That seems like a funny defintion of a capability. That is, you seem to have chosen a particular way to represent capabilities and are using the representation to describe the abstract idea. A more general definition might be: A capability is an object that carries with it the authorization to perform some action. Informally, a capability can be thought of as a ticket. The ticket is good for some event and possession of the ticket is sufficient to attend the event.
I agree - I was trying to choose an example (just as you have) that would get the flavour of a capability across to any Python programmer.
A capability system must have some rules for creating and copying capabilities, but there is more than one way to realize those rules in a programming language. I assume you're suggesting that methods be thought of as capabilities, so that possession of a bound method object implies permission to invoke it. That seems like a reasonable design, but what about classes or functions or instances?
The idea I had was that these are all icing on the cake. If I can secure bound methods, I have what I want, which is something that enforces the properties needed to have a capability that imposes minimum overhead on the programmer. If we also get access to classes, function or instances in a way that is secure, then that's great. But if we don't, its not a huge loss.
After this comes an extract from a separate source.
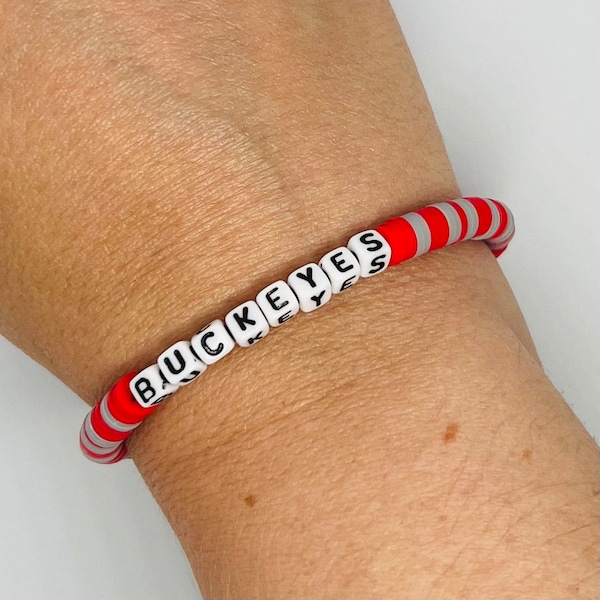Ohio State Buckeyes Beaded Stretch Bracelet, Adult and Kids Sizes, College Jewelry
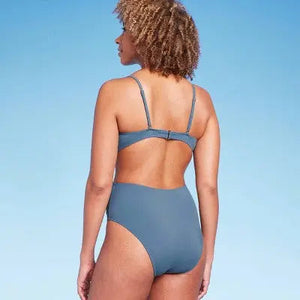 Shade & Shore Women's One Piece Swimsuit Monokini Cut Out Bead Swimwear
The problem, which rexec solves after a fashion, is to prevent unauthorized copying of the capabilities, or more specifically of the access rights contained in the capability. That is, there's some object that checks tickets (the reference monitor). It needs to be able to inspect the ticket, but it shouldn't be possible for someone else to use that mechanism to forge a ticket.
I don't like this. There is no "reference monitor" that checks tickets, if you implement as I have suggested. You either have them or you don't. The ticket is the method. The method is the ticket. But, of course, you can have implementations that are less direct, I agree.
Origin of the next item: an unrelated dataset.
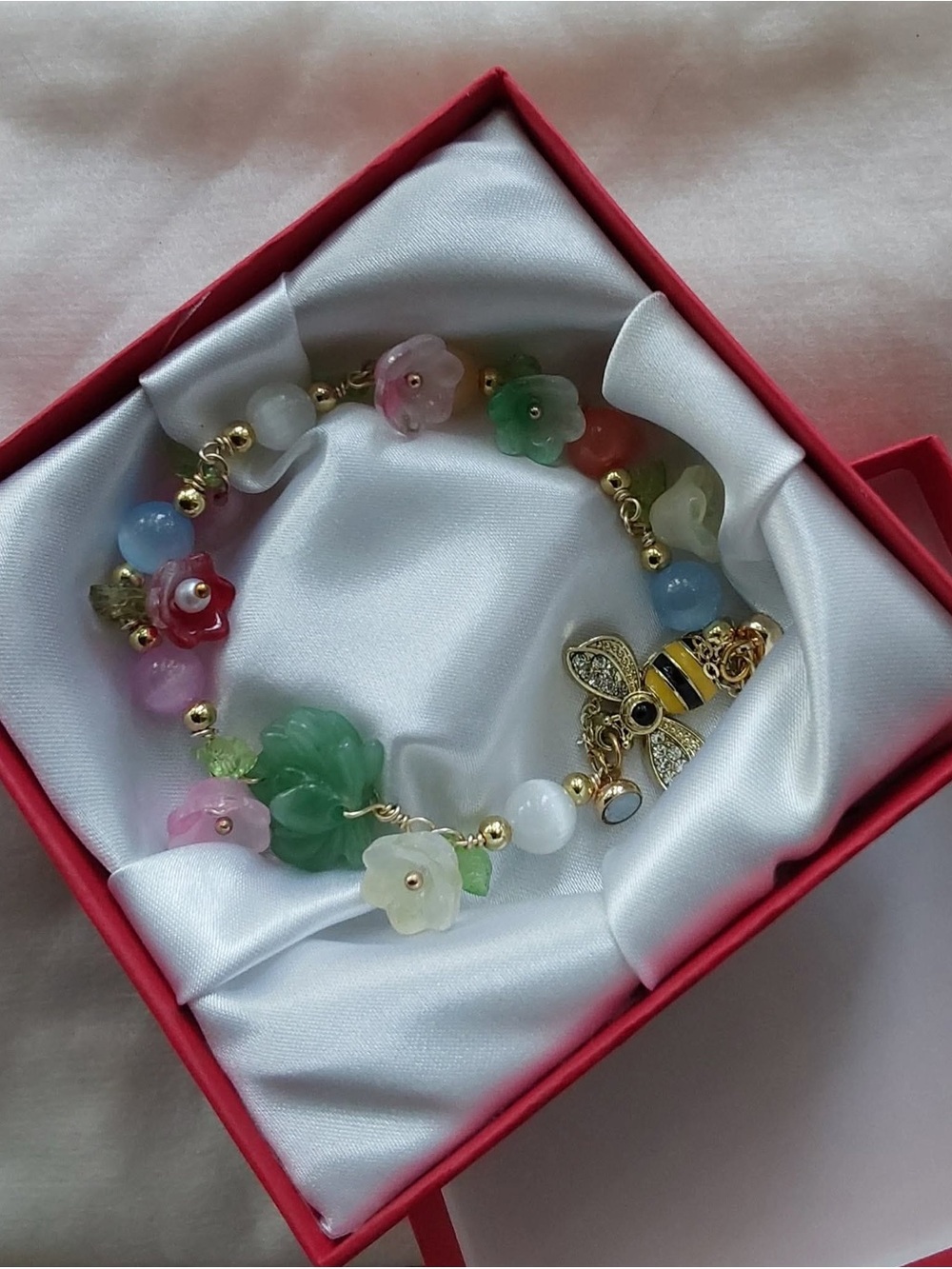 Multicolor Floral Bead Bracelet with Gold Bee Charm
The problem for Python is that its introspection features make it impossible (?) for pure Python code to hide something. In Java, you could declare an instance variable private and know that the type system will prevent client code from accessing the variable directly. In Python, there is no private.
Rexec provides a way to turn off some of the introspection in order to allow some confinement. If you can't extract the im_class, im_func, and im_self attributes of a bound method, then you can use a bound method as a capability without risk that the holder will break into the object. On the other hand, if you want to use some other kind of object as a capability, you must be sure that there isn't some introspection mechanism that allows the holder to get into the representation. If there is, rexec needs to turn it off.
Quite so.
The problem with rexec is that the security code is smeared across the entire interpreter. Each object or instrospection facility would need to has to have a little bit of code that participates in rexec. And every change to the language needs to taken rexec into account. What's worse is that rexec turns off a set of introspection features, so you can't use any of those features in code that might get loaded in rexec.
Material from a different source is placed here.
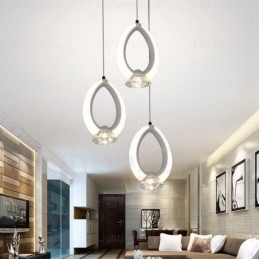 Lampă suspendată modernă contemporană cu 1 lumină, cu abajur de cristal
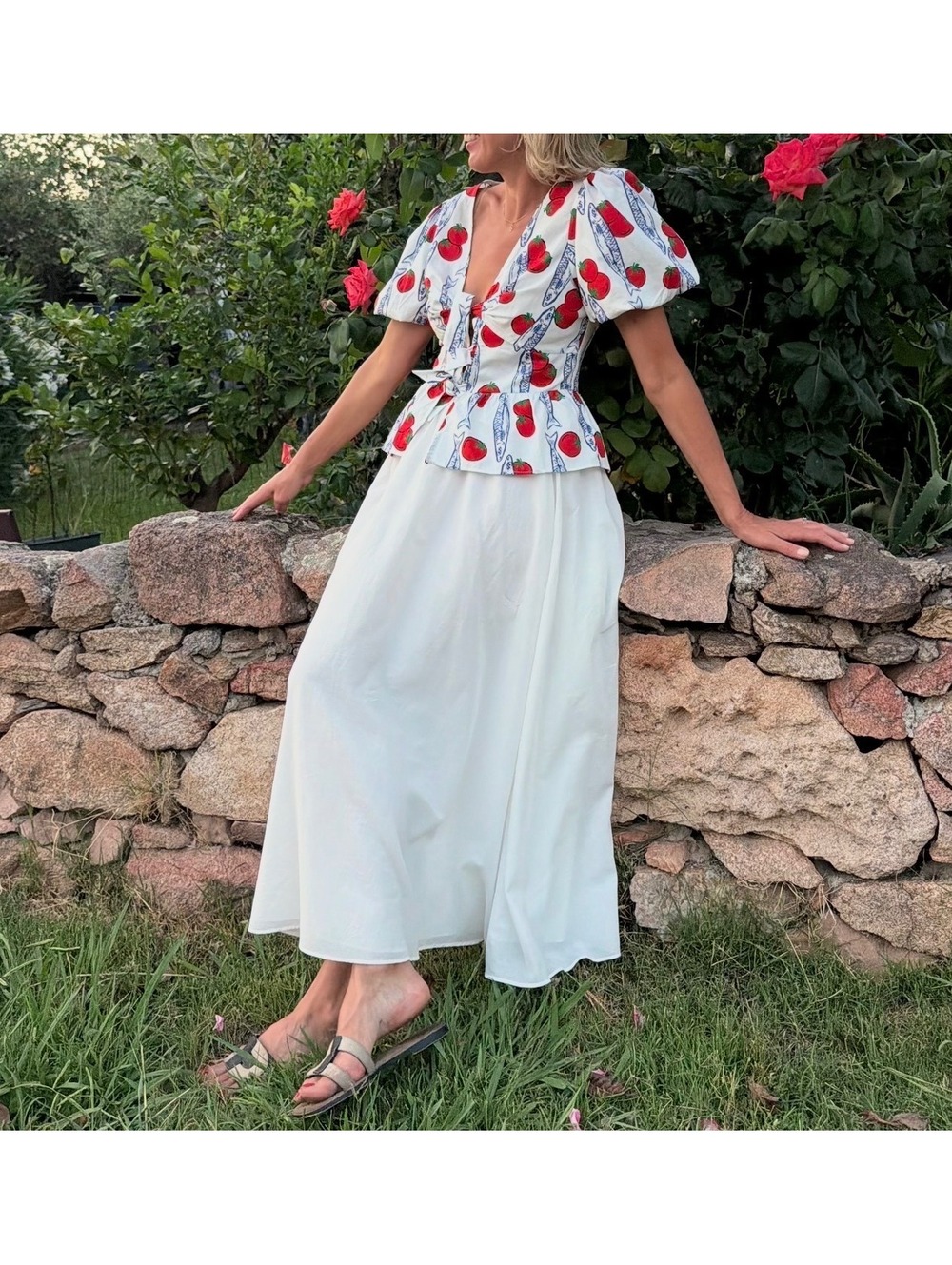 Zara White Cotton Peplum TopPuff Sleeves Size S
I agree that this is a problem.
The Zope proxy approach seems a little more promising, because it centralizes all the security machinery in one object, a security proxy. A proxy for an object can appear virtually indistinguishable for the object itself, except that type(proxy) != type(object_being_proxied). The proxy guarantees that any object returned through the proxy is wrapped in its own proxy, except for simple immutable objects like ints or strings.
This approach seems promising because it is fairly self-contained. The proxy code can be largely independent of the rest of the interpreter, so that you can analyze it without scouring the entire source tree. It's also quite flexible. If you want to use instances is capabilities, you could, for example, use a proxy that only allows access to methods, not to instance variables. It's a simple mechanism that allows many policies, as opposed to rexec which couples policy and mechanism.
I will admit to not being thoroughly familiar with Zope proxies, but I'd love to be persuaded. Right now, I have two instant issues with them: a) They do not appear to be simple to use, in the slightest. One of the beauties of using opaque bound methods is that they are trivial and natural to use. No programmer should find it difficult, or even a noticable overhead. In fact, I observed whilst doing limited experiments in this area that it led to what seemed to me to be an improvement in style (for example, if I wanted to have something read a configuration file, rather than passing the name of the file, a capability approach is to pass a file reader already bound to that file - this is, IMO, rather more elegant). b) I don't understand how they avoid all the problems that are left lying around in the language itself without rexec. I did look at the Zope proxy stuff. I found it very hard to understand, so I may well be totally missing the point. Cheers, Ben. -- http://www.apache-ssl.org/ben.html http://www.thebunker.net/ "There is no limit to what a man can do or how far he can go if he doesn't mind who gets the credit." - Robert Woodruff
[Guido van Rossum]
Actually I was attempting to find a solution not just for properties but for other situations as well. E.g. someone might want to define capabilities, or event handlers, or ...
[Greg Ewing]
But anyway, here's another idea:
def foo as property: def __get__(self): ... def __set__(self, x): ...
[Guido van Rossum]
I don't like things that reuse 'def', unless the existing 'def' is a special case and not just an alternative branch in the grammar.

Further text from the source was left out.